This tutorial will guide towards good evaluation of machine-learning models, choosing metrics and procedures that match the intended usage, with code examples using the latest scikit-learn's features. We will discuss how good metrics should characterize all aspects of error, e.g. on the positive and negative class; the probability of a detection, or the probability of a true event given a detection; as they may need to catter for class imbalance. Metrics may also evaluate confidence scores, e.g. calibration. Model-evaluation procedures should gauge not only the expected generalization performance, but also its variations.
        
      
      
      
      
        
        Model evaluation is a crucial aspect of machine-learning, to choose the best model, or to decide if a given model is good-enough for production. This tutorial will give didactic introductions to the various statistical aspects of model evaluation: what aspects of model prediction are important to capture, and how different metrics available in scikit-learn captures them. How to devise a model-evaluation procedure that is best suited to select the best model, or control that a model is suited for usage. This tutorial goes beyond mere application of scikit-learn and we expect even experts to learn useful considerations.
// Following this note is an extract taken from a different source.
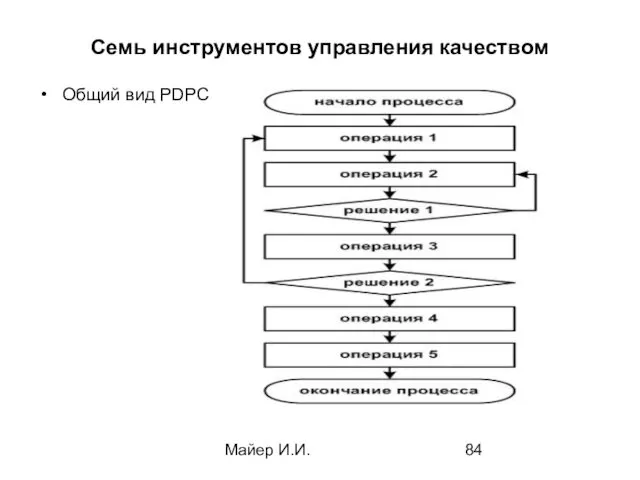 Майер И.И. Семь инструментов управления качеством Общий вид PDPC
The tutorial will be loosely based on the following preprint https://hal.archives-ouvertes.fr/hal-03682454, but with code examples for each important concept. A tentative outline is as follows:
### Performance metrics
#### Metrics for classification
- Binary classification
    - Confusion matrix
    - Simple summaries and their pitfalls
    - Probability of detection given true class, or vice versa?
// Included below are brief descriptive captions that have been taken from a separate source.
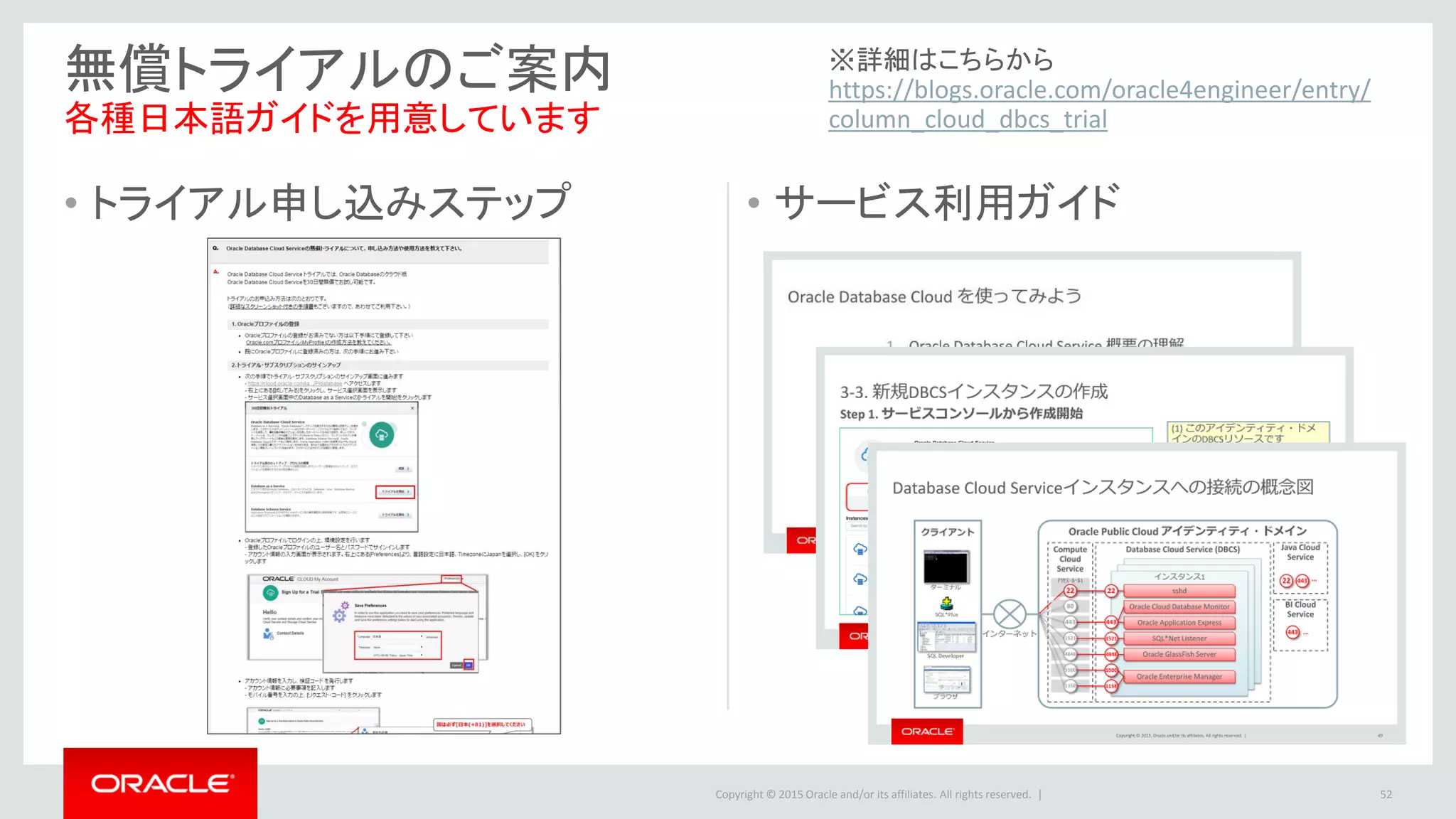 Copyright © 2015 Oracle and/or its affiliates. All rights reserved. |
• トライアル申し込みステップ • サービス利用ガイド
52
無償トライアルのご案内
各種日本語ガイドを用意しています
※詳細はこちらから
https://blogs.oracle.com/oracle4engineer/entry/
column_cloud_dbcs_trial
    - Summary metrics for low prevalence
    - Metrics for shifts in prevalence
    - Multi-threshold metrics
    - Confidence scores and calibration
- Multi-class classification
    - Adapting binary metrics to multi-class settings
    - Multilabel classification
#### Metrics for regression
- R2 score
- Absolute error measures
- Assessing the distribution of errors
### Evaluation strategies
#### Evaluating a learning procedure
- Cross-validation strategies
- Driving model choices: nested cross-validation
- Statistical testing
    - Sources of variance
    - Accounting for benchmarking variance
#### Evaluating generalization to an external population
- The notion of external validity
- Confidence intervals for external validation